Task instructions: In the records below, find the line with "Dsquared2 Uomo ICON" and the line with "Slide: The Image". Print both exactly, along with every line between them, and no other line.

Data supplied:
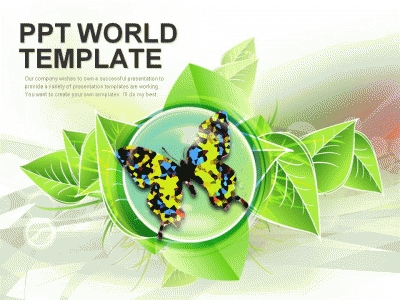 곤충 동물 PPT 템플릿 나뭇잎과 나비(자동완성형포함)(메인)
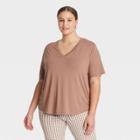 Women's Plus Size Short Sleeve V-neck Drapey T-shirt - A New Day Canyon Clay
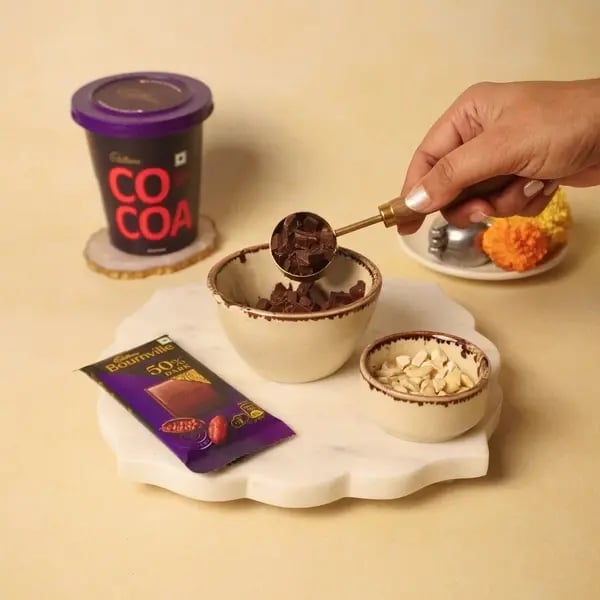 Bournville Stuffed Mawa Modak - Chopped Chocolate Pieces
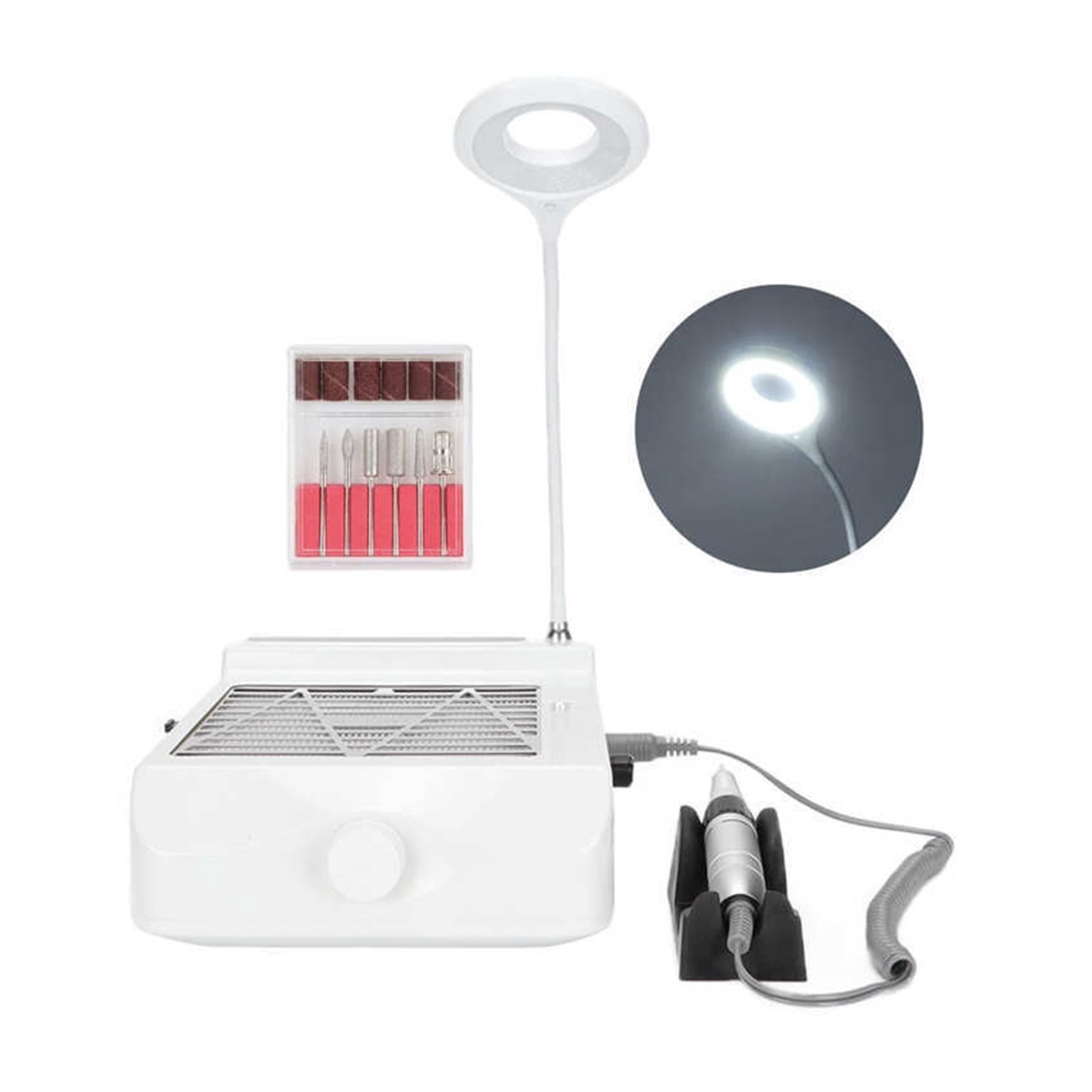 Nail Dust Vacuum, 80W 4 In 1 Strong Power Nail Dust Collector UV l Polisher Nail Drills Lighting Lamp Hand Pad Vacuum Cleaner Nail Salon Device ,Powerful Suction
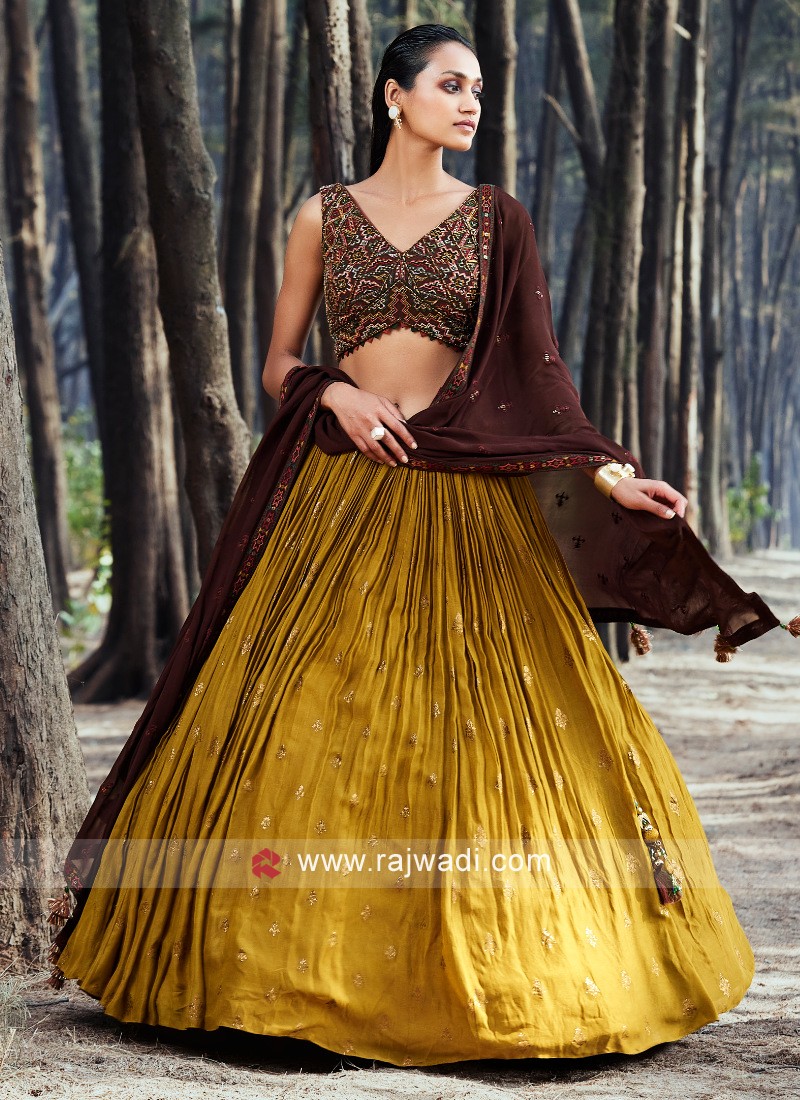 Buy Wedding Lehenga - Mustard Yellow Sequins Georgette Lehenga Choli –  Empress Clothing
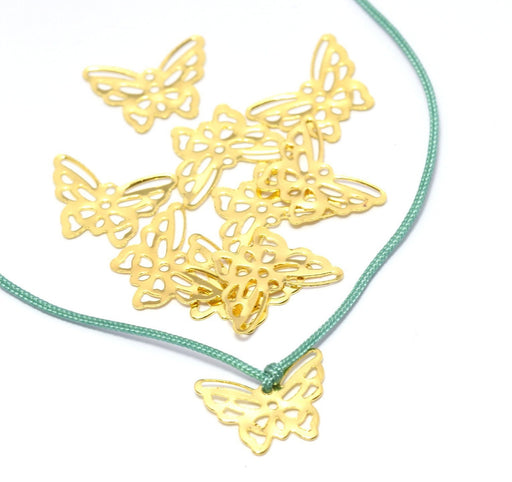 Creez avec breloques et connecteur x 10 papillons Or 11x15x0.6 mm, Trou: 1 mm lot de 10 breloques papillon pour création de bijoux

==

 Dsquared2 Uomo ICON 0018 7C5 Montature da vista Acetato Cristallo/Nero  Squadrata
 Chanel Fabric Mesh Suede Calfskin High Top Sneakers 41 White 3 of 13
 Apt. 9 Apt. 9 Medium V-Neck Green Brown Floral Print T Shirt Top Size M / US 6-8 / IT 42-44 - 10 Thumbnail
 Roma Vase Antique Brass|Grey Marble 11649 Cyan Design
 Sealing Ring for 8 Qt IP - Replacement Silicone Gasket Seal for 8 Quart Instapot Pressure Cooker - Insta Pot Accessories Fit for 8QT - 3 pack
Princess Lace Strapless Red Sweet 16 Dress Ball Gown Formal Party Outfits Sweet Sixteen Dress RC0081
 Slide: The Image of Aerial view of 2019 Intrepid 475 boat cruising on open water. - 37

...

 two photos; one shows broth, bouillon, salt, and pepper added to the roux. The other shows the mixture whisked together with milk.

Solution:
 Dsquared2 Uomo ICON 0018 7C5 Montature da vista Acetato Cristallo/Nero  Squadrata
 Chanel Fabric Mesh Suede Calfskin High Top Sneakers 41 White 3 of 13
 Apt. 9 Apt. 9 Medium V-Neck Green Brown Floral Print T Shirt Top Size M / US 6-8 / IT 42-44 - 10 Thumbnail
 Roma Vase Antique Brass|Grey Marble 11649 Cyan Design
 Sealing Ring for 8 Qt IP - Replacement Silicone Gasket Seal for 8 Quart Instapot Pressure Cooker - Insta Pot Accessories Fit for 8QT - 3 pack
Princess Lace Strapless Red Sweet 16 Dress Ball Gown Formal Party Outfits Sweet Sixteen Dress RC0081
 Slide: The Image of Aerial view of 2019 Intrepid 475 boat cruising on open water. - 37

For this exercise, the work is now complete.